The mensuration of (b) sample Camp Content:
By the extract of step (1) through 0.22 μm of membrane filtration, draw 15 μ L with microsyringe and inject high performance liquid chromatograph, record peak area by after chromatogram integration, external standard method calculates, and both obtains the content of sample loop AMP.Chromatographic condition measures: chromatographic column: ThermoC18 post, 4.6mm × 250mm, 5 μm; Mobile phase: 0.05mol/L potassium dihydrogen phosphate: methyl alcohol volume ratio is 90:10, mobile phase through 0.45 μm of membrane filtration, ultrasonic degas, isocratic elution; Flow velocity: 1ml/min; Sample size: 15 μ L; Column temperature: 30 DEG C; Determined wavelength: 258nm.

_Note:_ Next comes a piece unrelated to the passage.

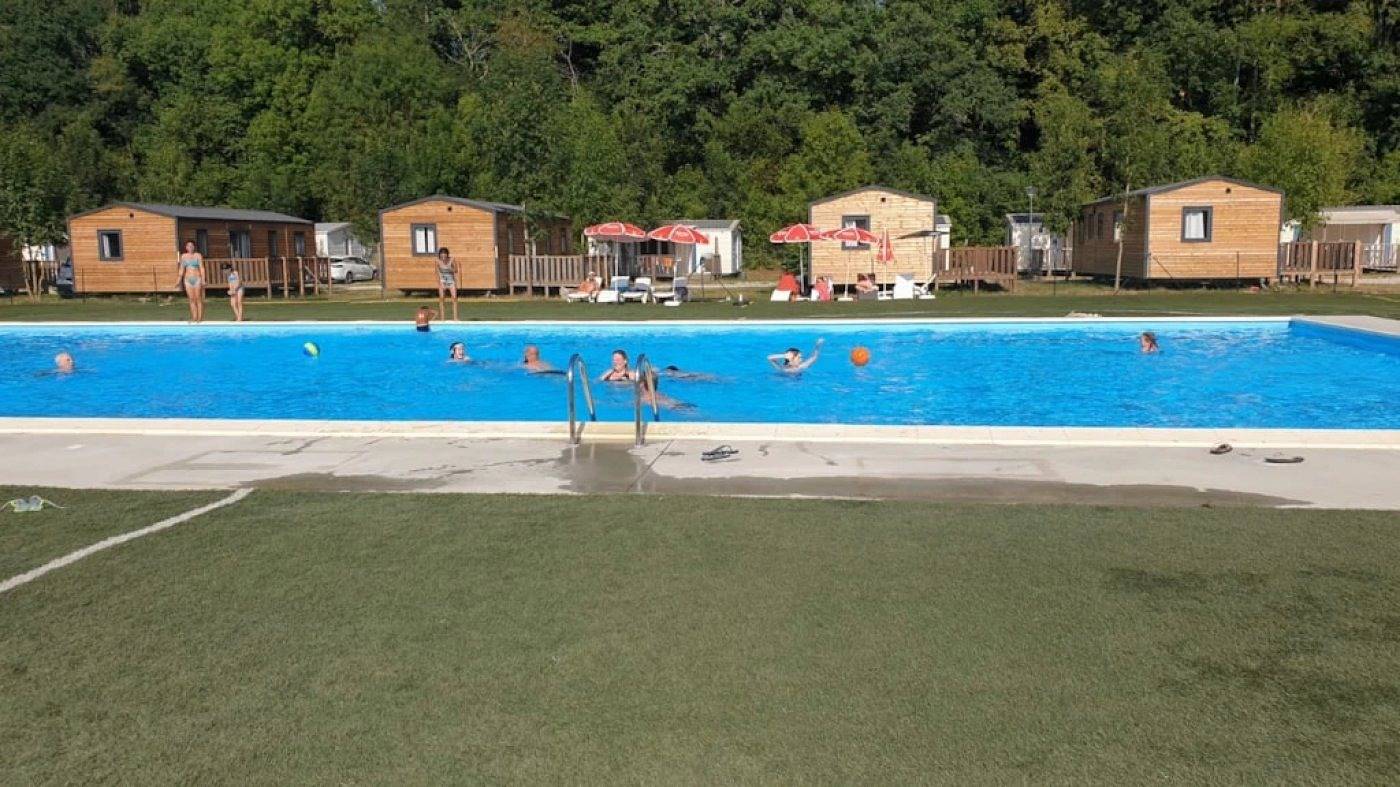 Camping 3 étoiles - Piscine  - ccbgcii in Lavelanet, Ariège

Above-described embodiment is preferred embodiment of the present invention; it is not the restriction to technical solution of the present invention; as long as without the technical scheme that creative work can realize on the basis of above-described embodiment, all should be considered as falling within the scope of the rights protection of patent of the present invention.